• **DATA RECORDS**:
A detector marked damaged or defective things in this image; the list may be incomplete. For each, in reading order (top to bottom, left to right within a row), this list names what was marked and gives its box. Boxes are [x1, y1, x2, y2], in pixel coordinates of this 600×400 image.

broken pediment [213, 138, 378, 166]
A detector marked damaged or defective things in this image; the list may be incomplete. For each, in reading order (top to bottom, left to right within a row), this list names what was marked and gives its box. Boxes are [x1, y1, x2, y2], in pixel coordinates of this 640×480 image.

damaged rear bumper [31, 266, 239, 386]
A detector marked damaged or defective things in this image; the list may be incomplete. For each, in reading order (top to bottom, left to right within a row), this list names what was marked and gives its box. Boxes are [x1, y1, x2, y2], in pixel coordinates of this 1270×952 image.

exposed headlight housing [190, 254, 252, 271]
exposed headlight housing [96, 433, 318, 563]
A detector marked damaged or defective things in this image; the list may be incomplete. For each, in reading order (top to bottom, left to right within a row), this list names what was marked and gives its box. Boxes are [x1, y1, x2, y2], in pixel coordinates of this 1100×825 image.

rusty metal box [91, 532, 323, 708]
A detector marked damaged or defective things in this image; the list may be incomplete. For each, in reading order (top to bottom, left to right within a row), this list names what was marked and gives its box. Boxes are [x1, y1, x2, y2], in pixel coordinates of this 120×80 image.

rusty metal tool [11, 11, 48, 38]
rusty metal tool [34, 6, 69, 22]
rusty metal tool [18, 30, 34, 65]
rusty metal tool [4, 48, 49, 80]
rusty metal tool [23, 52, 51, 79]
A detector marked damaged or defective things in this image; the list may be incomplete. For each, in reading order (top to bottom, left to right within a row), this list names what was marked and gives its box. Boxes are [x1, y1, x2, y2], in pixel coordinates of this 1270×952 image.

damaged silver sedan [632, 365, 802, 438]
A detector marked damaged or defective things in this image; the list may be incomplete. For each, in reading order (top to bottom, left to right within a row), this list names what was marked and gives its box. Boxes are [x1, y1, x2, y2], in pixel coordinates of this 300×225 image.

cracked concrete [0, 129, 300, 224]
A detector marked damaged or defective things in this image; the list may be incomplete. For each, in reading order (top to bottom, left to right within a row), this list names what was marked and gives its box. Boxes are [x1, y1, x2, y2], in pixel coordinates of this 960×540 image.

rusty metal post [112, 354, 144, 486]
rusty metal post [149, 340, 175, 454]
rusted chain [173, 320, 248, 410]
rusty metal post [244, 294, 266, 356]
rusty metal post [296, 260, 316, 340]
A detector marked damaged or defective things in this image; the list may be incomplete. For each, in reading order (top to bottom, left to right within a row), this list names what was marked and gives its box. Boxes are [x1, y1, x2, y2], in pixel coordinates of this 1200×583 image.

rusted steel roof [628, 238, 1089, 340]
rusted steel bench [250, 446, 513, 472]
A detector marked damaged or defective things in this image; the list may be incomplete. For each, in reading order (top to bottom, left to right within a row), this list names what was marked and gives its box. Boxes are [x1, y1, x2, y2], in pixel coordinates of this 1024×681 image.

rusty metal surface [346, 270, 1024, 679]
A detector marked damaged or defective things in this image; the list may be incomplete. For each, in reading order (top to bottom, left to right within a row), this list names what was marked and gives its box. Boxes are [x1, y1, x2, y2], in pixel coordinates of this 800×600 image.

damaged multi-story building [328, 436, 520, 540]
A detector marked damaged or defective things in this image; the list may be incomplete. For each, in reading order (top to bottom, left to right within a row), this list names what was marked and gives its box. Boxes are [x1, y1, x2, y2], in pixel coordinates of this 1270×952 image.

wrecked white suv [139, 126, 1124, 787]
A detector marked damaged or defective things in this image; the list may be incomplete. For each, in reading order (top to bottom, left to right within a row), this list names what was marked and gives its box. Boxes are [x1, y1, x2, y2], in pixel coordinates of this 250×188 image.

• **ASSIGNED TASK**:
Reproduce the whole of the material exactly as shown.

• **EXERCISE SOLUTION**:
A detector marked damaged or defective things in this image; the list may be incomplete. For each, in reading order (top to bottom, left to right within a row), this list names what was marked and gives its box. Boxes are [x1, y1, x2, y2], in pixel coordinates of this 600×400 image.

broken pediment [213, 138, 378, 166]
A detector marked damaged or defective things in this image; the list may be incomplete. For each, in reading order (top to bottom, left to right within a row), this list names what was marked and gives its box. Boxes are [x1, y1, x2, y2], in pixel coordinates of this 640×480 image.

damaged rear bumper [31, 266, 239, 386]
A detector marked damaged or defective things in this image; the list may be incomplete. For each, in reading order (top to bottom, left to right within a row), this list names what was marked and gives its box. Boxes are [x1, y1, x2, y2], in pixel coordinates of this 1270×952 image.

exposed headlight housing [190, 254, 252, 271]
exposed headlight housing [96, 433, 318, 563]
A detector marked damaged or defective things in this image; the list may be incomplete. For each, in reading order (top to bottom, left to right within a row), this list names what was marked and gives its box. Boxes are [x1, y1, x2, y2], in pixel coordinates of this 1100×825 image.

rusty metal box [91, 532, 323, 708]
A detector marked damaged or defective things in this image; the list may be incomplete. For each, in reading order (top to bottom, left to right within a row), this list names what was marked and gives its box. Boxes are [x1, y1, x2, y2], in pixel coordinates of this 120×80 image.

rusty metal tool [11, 11, 48, 38]
rusty metal tool [34, 6, 69, 22]
rusty metal tool [18, 30, 34, 65]
rusty metal tool [4, 48, 49, 80]
rusty metal tool [23, 52, 51, 79]
A detector marked damaged or defective things in this image; the list may be incomplete. For each, in reading order (top to bottom, left to right within a row), this list names what was marked and gives its box. Boxes are [x1, y1, x2, y2], in pixel coordinates of this 1270×952 image.

damaged silver sedan [632, 365, 802, 438]
A detector marked damaged or defective things in this image; the list may be incomplete. For each, in reading order (top to bottom, left to right within a row), this list names what was marked and gives its box. Boxes are [x1, y1, x2, y2], in pixel coordinates of this 300×225 image.

cracked concrete [0, 129, 300, 224]
A detector marked damaged or defective things in this image; the list may be incomplete. For each, in reading order (top to bottom, left to right within a row), this list names what was marked and gives its box. Boxes are [x1, y1, x2, y2], in pixel coordinates of this 960×540 image.

rusty metal post [112, 354, 144, 486]
rusty metal post [149, 340, 175, 454]
rusted chain [173, 320, 248, 410]
rusty metal post [244, 294, 266, 356]
rusty metal post [296, 260, 316, 340]
A detector marked damaged or defective things in this image; the list may be incomplete. For each, in reading order (top to bottom, left to right within a row), this list names what was marked and gives its box. Boxes are [x1, y1, x2, y2], in pixel coordinates of this 1200×583 image.

rusted steel roof [628, 238, 1089, 340]
rusted steel bench [250, 446, 513, 472]
A detector marked damaged or defective things in this image; the list may be incomplete. For each, in reading order (top to bottom, left to right within a row), this list names what was marked and gives its box. Boxes are [x1, y1, x2, y2], in pixel coordinates of this 1024×681 image.

rusty metal surface [346, 270, 1024, 679]
A detector marked damaged or defective things in this image; the list may be incomplete. For each, in reading order (top to bottom, left to right within a row), this list names what was marked and gives its box. Boxes are [x1, y1, x2, y2], in pixel coordinates of this 800×600 image.

damaged multi-story building [328, 436, 520, 540]
A detector marked damaged or defective things in this image; the list may be incomplete. For each, in reading order (top to bottom, left to right within a row), this list names what was marked and gives its box. Boxes are [x1, y1, x2, y2], in pixel coordinates of this 1270×952 image.

wrecked white suv [139, 126, 1124, 787]
A detector marked damaged or defective things in this image; the list may be incomplete. For each, in reading order (top to bottom, left to right within a row), this list names what was marked and gives its box. Boxes are [x1, y1, x2, y2], in pixel coordinates of this 250×188 image.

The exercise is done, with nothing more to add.